Action item> Retype, word for word, the line holding "Western blot analysis" and every line below it to the end of the listing. Leave out the pictures.

Collected data>
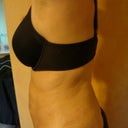 11 days after procedure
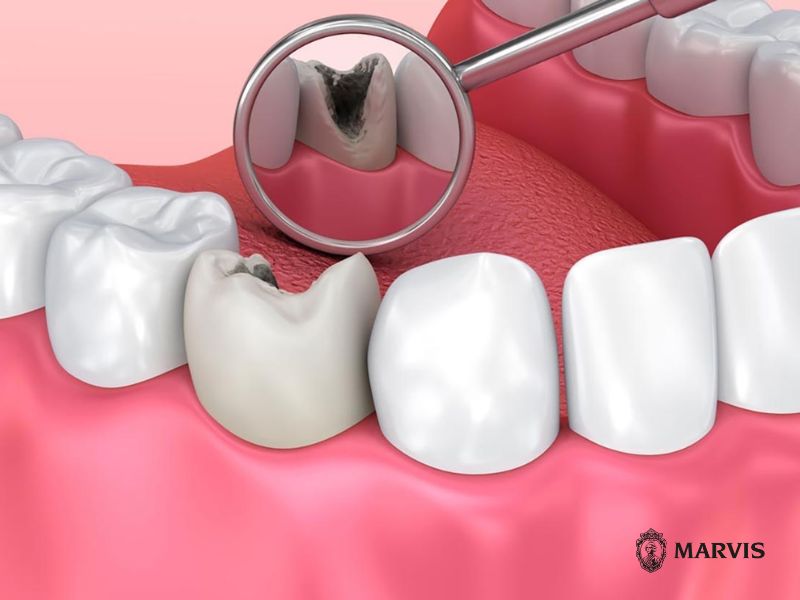 Trị sâu răng vĩnh viễn tại nhà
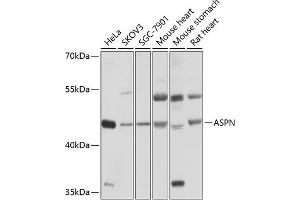 Western blot analysis of extracts of various cell lines, using ASPN antibody (ABIN6127375, ABIN6137217, ABIN6137218 and ABIN6214518) at 1:1000 dilution. (Asporin antibody  (AA 100-379))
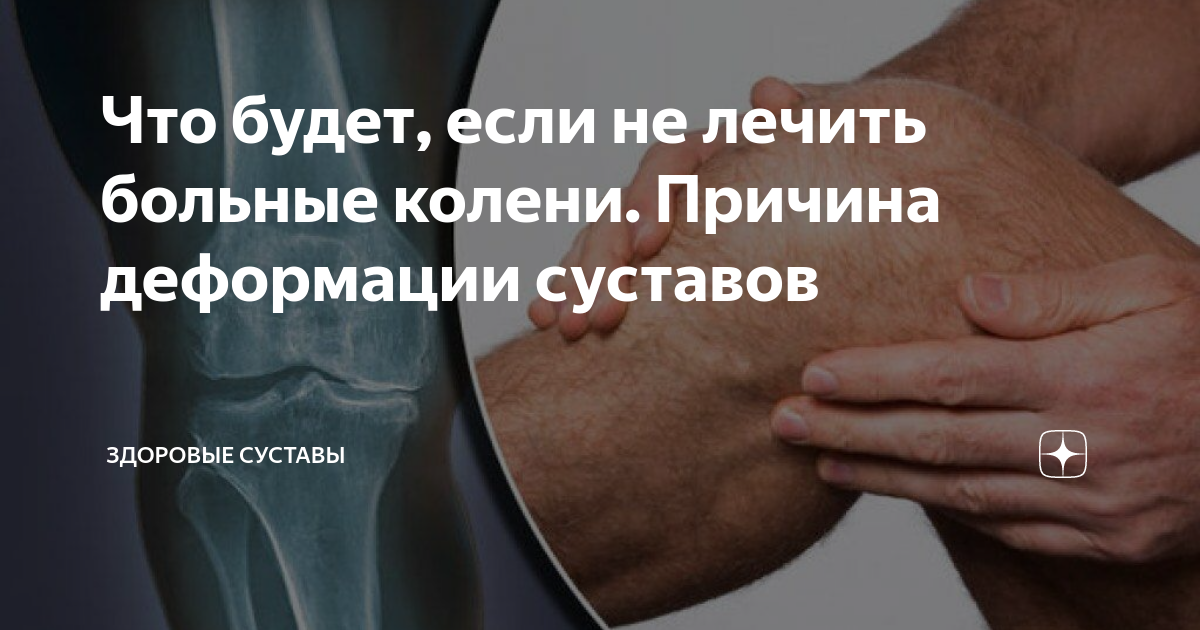 Суставы щелкают причины. Почему щелкают суставы: разбор причины щелчков и их природы Хрустят суставы, в чём может быть причина? Фролов Ю.А. - YouTube Киста Коленного Сустава Лечение Народное — Buy-artox.ru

Written answer>
 Western blot analysis of extracts of various cell lines, using ASPN antibody (ABIN6127375, ABIN6137217, ABIN6137218 and ABIN6214518) at 1:1000 dilution. (Asporin antibody  (AA 100-379))
 Суставы щелкают причины. Почему щелкают суставы: разбор причины щелчков и их природы Хрустят суставы, в чём может быть причина? Фролов Ю.А. - YouTube Киста Коленного Сустава Лечение Народное — Buy-artox.ru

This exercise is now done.